Designing JDBC Applications


The guidelines in this section will help you to optimize system performance when designing JDBC applications.

Managing Connections

Connection management is important to application performance. Optimize your application by connecting once and using multiple statement objects, instead of performing multiple connections. Avoid connecting to a data source after establishing an initial connection.

Although gathering driver information at connect time is a good practice, it is often more efficient to gather it in one step rather than two steps. For example, some applications establish a connection and then call a method in a separate component that reattaches and gathers information about the driver. Applications that are designed as separate entities should pass the established connection object to the data collection routine instead of establishing a second connection.

Another bad practice is to connect and disconnect several times throughout your application to perform SQL statements. Connection objects can have multiple statement objects associated with them. Statement objects, which are defined to be memory storage for information about SQL statements, can manage multiple SQL statements.

You can improve performance significantly with connection pooling, especially for applications that connect over a network or through the World Wide Web. Connection pooling lets you reuse connections. Closing connections does not close the physical connection to the database. When an application requests a connection, an active connection is reused, thus avoiding the network I/O needed to create a new connection.

Connection and statement handling should be addressed before implementation. Spending time and thoughtfully handling connection management improves application performance and maintainability.

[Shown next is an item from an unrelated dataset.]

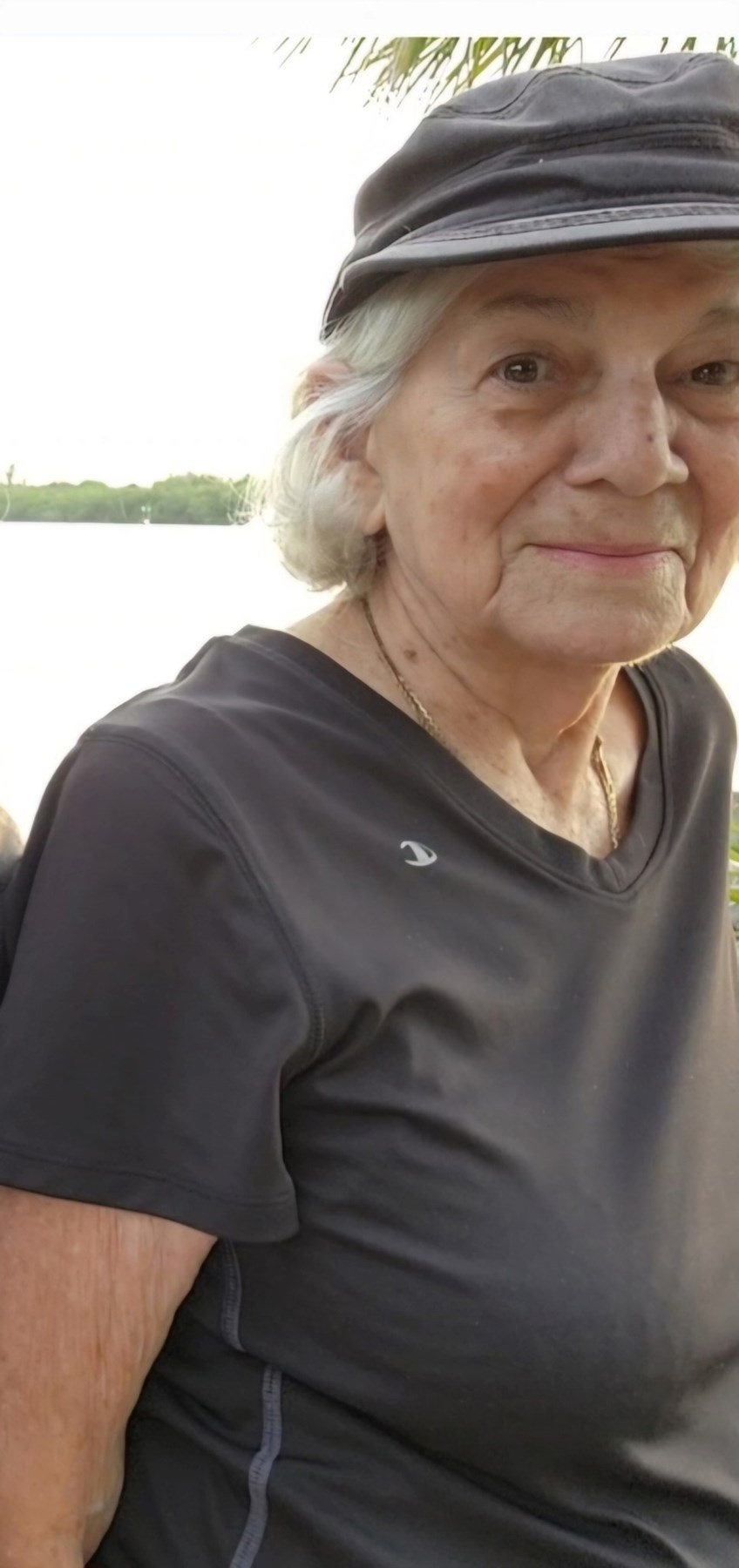 Obituary of Diana Gayle Apetz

Managing Commits in Transactions

Committing transactions is extremely disk I/O intensive and slow. Always turn off autocommit by using the following setting: WSConnection.setAutoCommit(false).

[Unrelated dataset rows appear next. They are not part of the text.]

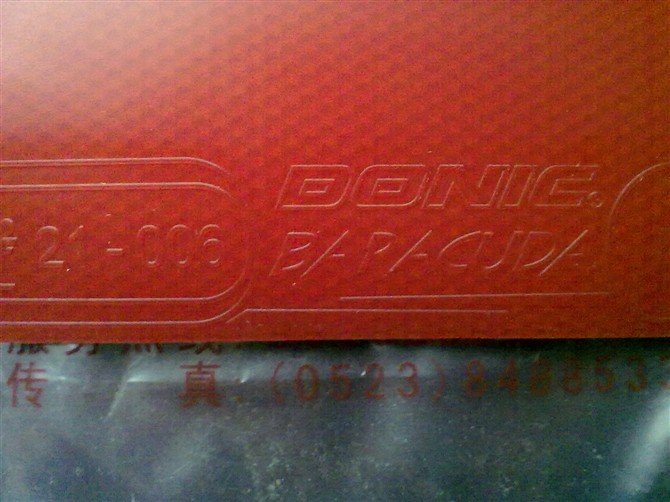 ==========�ó�ɫbaracuda��115����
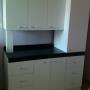 Subido por visitante en 25-02-2016 - Mueble de cocina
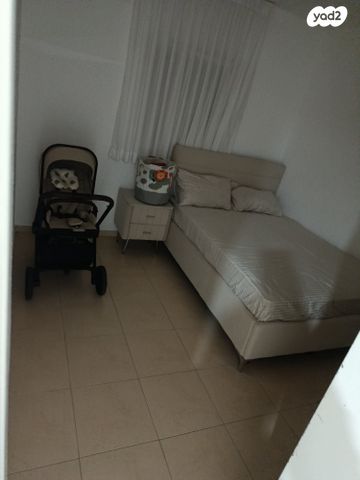 דירה, הסנה 4, אפרידר, אשקלון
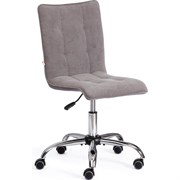 Кресло Tetchair ZERO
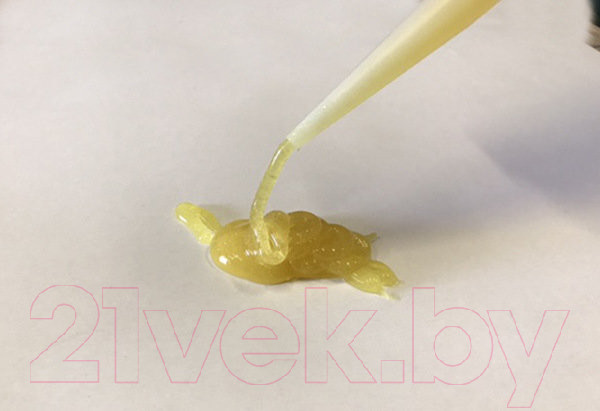 Изображение товара Отпугиватель птиц Valbrenta Chemicals STOP2FLY (250г, туба)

What does a commit actually involve? The database server must flush back to disk every data page that contains updated or new data. This is not a sequential write but a searched write to replace existing data in the table. By default, Autocommit is on when connecting to a data source, and Autocommit mode usually impairs performance because of the significant amount of disk I/O needed to commit every operation.

Furthermore, some database servers do not provide an Autocommit mode. For this type of server, the JDBC driver must explicitly issue a COMMIT statement and a BEGIN TRANSACTION for every operation sent to the server. In addition to the large amount of disk input/output required to support Autocommit mode, a performance penalty is paid for up to three network requests for every statement issued by an application.

Although using transactions can help application performance, do not take this tip too far. Leaving transactions active can reduce throughput by holding locks on rows for long times, preventing other users from accessing the rows. Commit transactions in intervals that allow maximum concurrency.

Choosing the Right Transaction Model

Many systems support distributed transactions; that is, transactions that span multiple connections. Distributed transactions are at least four times slower than normal transactions due to the logging and network I/O necessary to communicate between all the components involved in the distributed transaction. Unless distributed transactions are required, avoid using them. Instead, use local transactions whenever possible.

For the best system performance, design the application to run under a single Connection object.